Over the previous two years my daughter Anna has been helping with the film “Six Inches of Soil”. The film is now complete and will have it debut in an auditorium in Cambridge on December 5th, there will be more viewing opportunities next year, at our farm, The Pink Pig Farm and John Pawsey’s Shimpling Park Farm.
As a result of participating with my daughter Anna in the forthcoming film “Six inches of Soil”, we ended up completing a second carbon calculator with the Carbon Calculator Toolkit. This produced a result which said that we were sequestering carbon. Consequently, we were encouraged to enter Soil Farmer of the Year, the results of which were announced at Groundswell. We were fortunate enough to come in the final six, something that I am proud of, we may never have entered this competition, if it had not been for the sequence of events mentioned above.

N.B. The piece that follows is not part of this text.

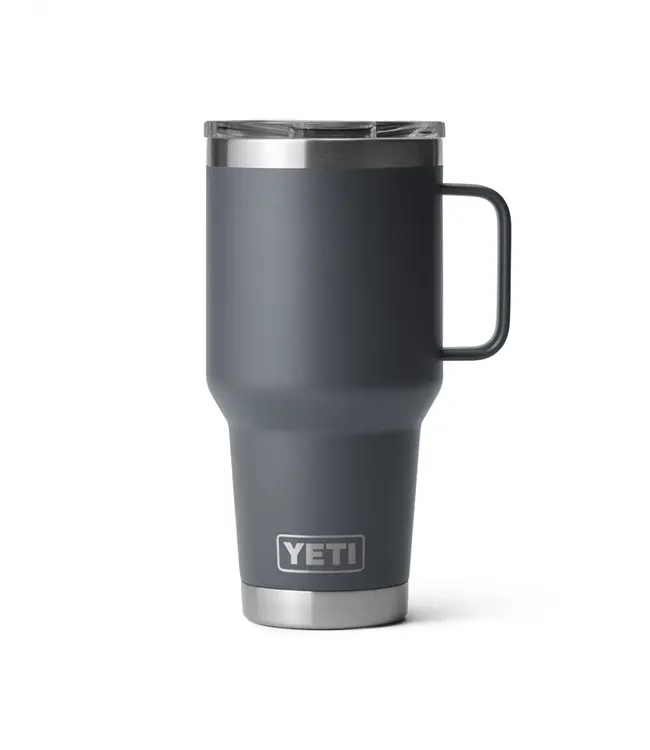 Yeti 30 Oz Travel Mug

This year we came through the hottest June across the world, breaking all records and throughout the year, individual country temperature records across the globe are being smashed every week. This has been followed by an extremely wet autumn which has created many problems for the farming industry. Books that I have read inform me that one third of the carbon dioxide in the atmosphere has come from Agriculture and much of that has derived from soil organic matter levels plummeting, causing carbon to leave the soil and enter the atmosphere. Obviously, this has been going on for centuries, however the introduction of mechanisation, together with manmade nitrogen, has caused an acceleration of the global warming in the twentieth century and up to the present day.

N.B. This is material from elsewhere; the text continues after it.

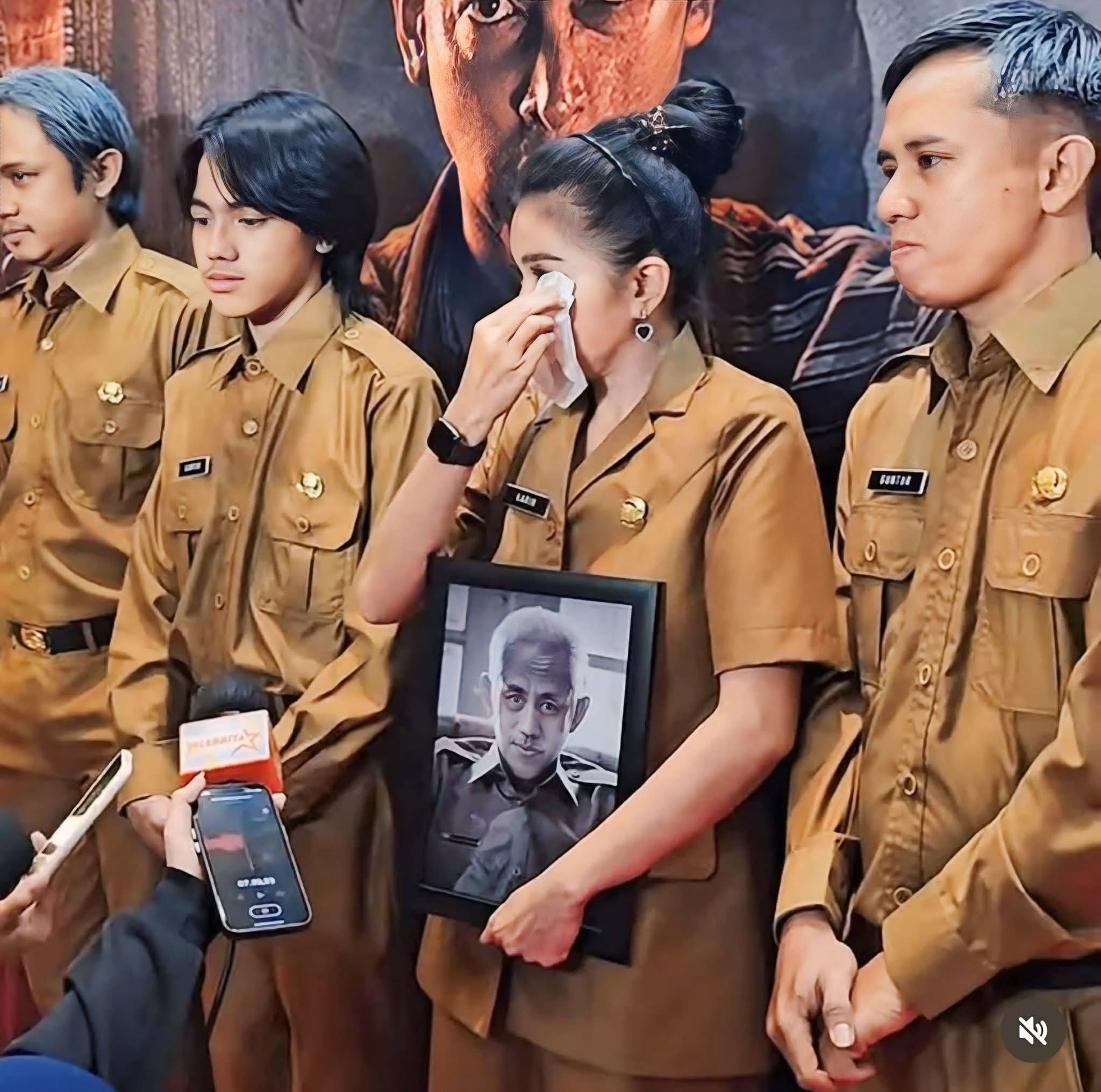 Sinopsis Film Qorin 2 Lengkap Dengan Jadwal Tayang, Pemain dan Trailernya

I apologise for being an eco-warrior but one of the big drivers for me going down the regen route was the fact that I could help in a small way to change and improve the global warming situation, just like the EFG principle one farmer cannot do this alone. I believe that as a committed regenerative farmer, it is my job to prove that this type of farming can make a profit, deliver environmental benefits and above all, set an example to the farming community that the regenerative system of farming works in a sustainable way and if carried out at scale, we can all do our bit to help combat global warming. We could then proudly announce to our grandchildren that we did something to alleviate the mess that the world is accelerating into. The government may have grasped this concept, and the new SFI encourages farmers to work towards the regenerative principles.
To finish on a happier note, in May I hosted my first music and beer festival, my motivation came from fellow regen farmer Jonathan Hodgson who together with his brother Matthew have hosted several festivals. I managed to get together five bands, five real ales, two ciders and a lager. Being a bitter drinker, I underestimated the number of lager drinkers attending our festival and by seven pm I was driving to my local pub to buy another barrel of lager. The cider also ran out by 8 pm. The whole event has been a big learning curve, but we did financially break even, and I intend to host another festival next year. The only complaint was from a person who was reluctant to wait another year for the next festival. It’s not every day that you phone a close friend from a blocked lady’s toilets and ask him to join you in the middle cubicle, complete with a plunger. We discovered that the cistern was not filling, eventually, we locked the door from the inside, and I clambered over the partition into the neighbouring cubicle, I would like to add that no ladies were interrupted due to my actions.